Granny got me onto growing things. She bought me a packet of carrot seeds and
a trowel when I was three, and that was it. I think my parents found me
quite difficult.
My school reports went something like: “It would help if Tom was indoors when
exams are being sat.” The problem was the orchids: they distracted me during
the growing season.
It’s quite deceptive, this place [Lullingstone Castle]. There’s no money at
all. People expect servants to appear, but there aren’t any. In recent years
it’s been Mum, Dad, me and Granny doing everything. Mum does all the
cleaning, unblocks the toilets, the lot. When I was little she ran the
tearooms. Everything was home-made and if you saw the kitchen she worked
from, you’d wonder how she did it. The house always came first. If I wanted
her to do something, it was: “Sorry Tom, but we’re open.” I used to
disappear down the garden and find my own dinner later, if I remembered.

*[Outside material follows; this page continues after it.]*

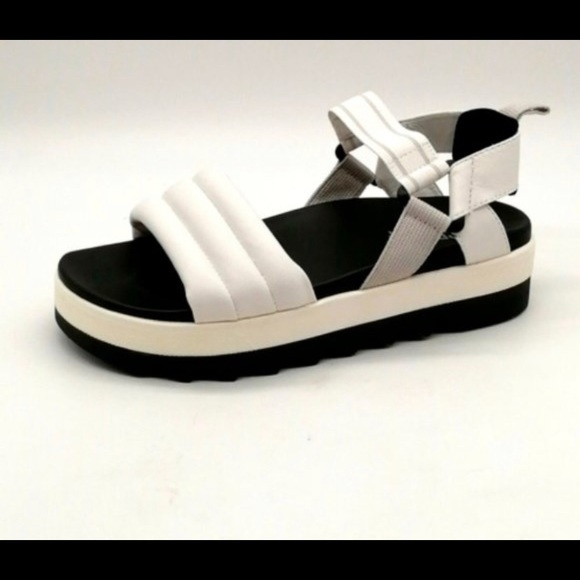 Cougar sandals - Picture 1 of 3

We lived in the old servants’ quarters on the third floor. Mum’s life centred
on keeping everything going, and it’s been a struggle. It’s only this last
year things have turned around a bit, and that’s to do with my plant
collection and the building of the World Garden. I find it bizarre that the
idea for it came at a time when I didn’t even think I was going to survive.
I’d saved £8,000 to go to southeast Asia and was given various
grants to bring back rare plant specimens and information about their
habitat in the wild. The grants structured where I went and how long for. I
went to Indonesia, had a year in Australia, and then went to the Americas.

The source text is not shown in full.